13th Cause of Action: Equitable Estoppel

            Equitable estoppel is not a cause of action.  “[E]quitable estoppel ‘acts defensively only.  It operates to prevent one from taking an unfair advantage of another but not to give an unfair advantage of one seeking to invoke the doctrine.’ ”  (Ryder v. Lightstorm Entertainment, Inc. (2016) 246 Cal.App.4th 1064, 1075.)  “[A] stand-alone cause of action for equitable estoppel will not lie as a matter of law.”  (Behnke v. State Farm General Ins. Co. (2011) 196 Cal.App.4th 1443, 1463.) 

14th Cause of Action: Declaratory and Injunctive Relief

Plaintiff does not allege sufficient facts for declaratory relief.  Declaratory relief “operates prospectively” and is not proper “where there is an accrued cause of action for an actual breach of contract or other wrongful act.”  (Baldwin v. Marina City Properties, Inc. (1978) 79 Cal.App.3d 393, 407.)  A claim for declaratory relief does not lie when “ ‘the rights of the complaining party have crystallized into a cause of action for past wrongs’ ” and “a money judgment will fully resolve the dispute.”  (Cardellini v. Casey (1986) 181 Cal.App.3d 389, 396.) 

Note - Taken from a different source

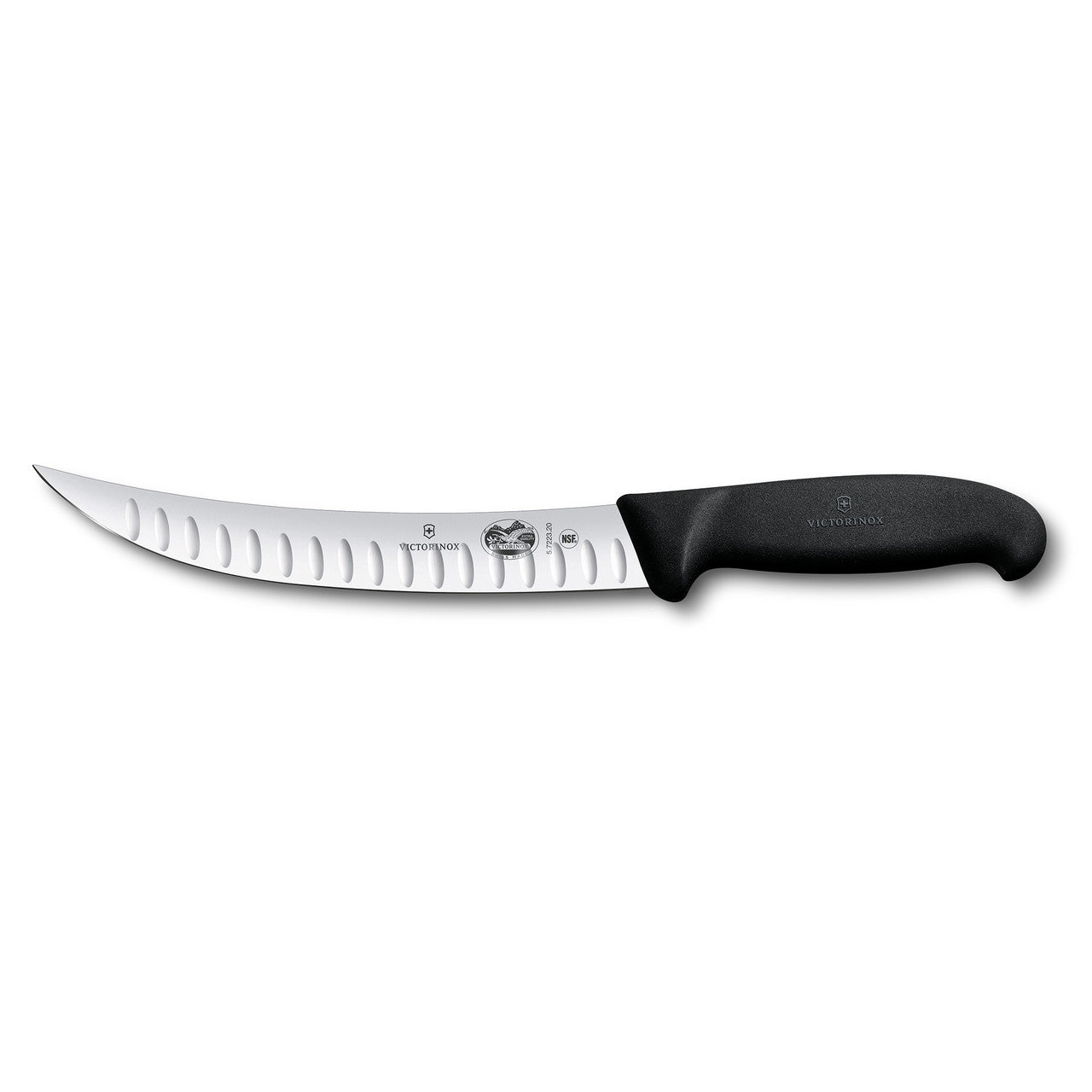 Fibrox Slaughter Knife, 20cm, Curved Narrow Blade, Fluted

Plaintiff alleges defendant owes a specific amount of money—down to the penny—for underpaying past claims.  (Comp., ¶ 72.)  Plaintiff further asserts defendants violated a statute that no longer applies because it is now more than “six months after the federal public health emergency expire[d].”  (Health & Saf. Code, § 1342.2, subd. (a)(5).)  The controversy is not prospective.    

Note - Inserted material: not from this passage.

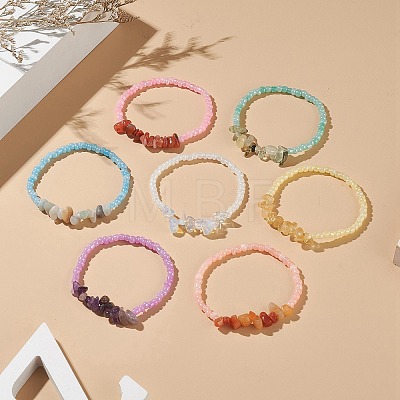 7Pcs 7 Style Natural & Synthetic Mixed Gemstone Chips & Glass Seed Beaded Stretch Bracelets Set for Women BJEW-JB09207-1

As for injunctive relief, plaintiff does not allege sufficient facts to constitute a cause of action because “[i]njunctive relief is a remedy, not a cause of action.”  (Allen v. City of Sacramento (2015) 234 Cal.App.4th 41, 65.) 

Disposition

Defendants Blue Shield of California Life & Health Insurance Company and California Physicians’ Service dba Blue Shield of California’s demurrer to plaintiff’s second, fourth, fifth, sixth, seventh, eighth, ninth, tenth, eleventh, thirteenth, and fourteenth causes of action is sustained with 20 days’ leave to amend.  The demurrer to all other causes of action is overruled.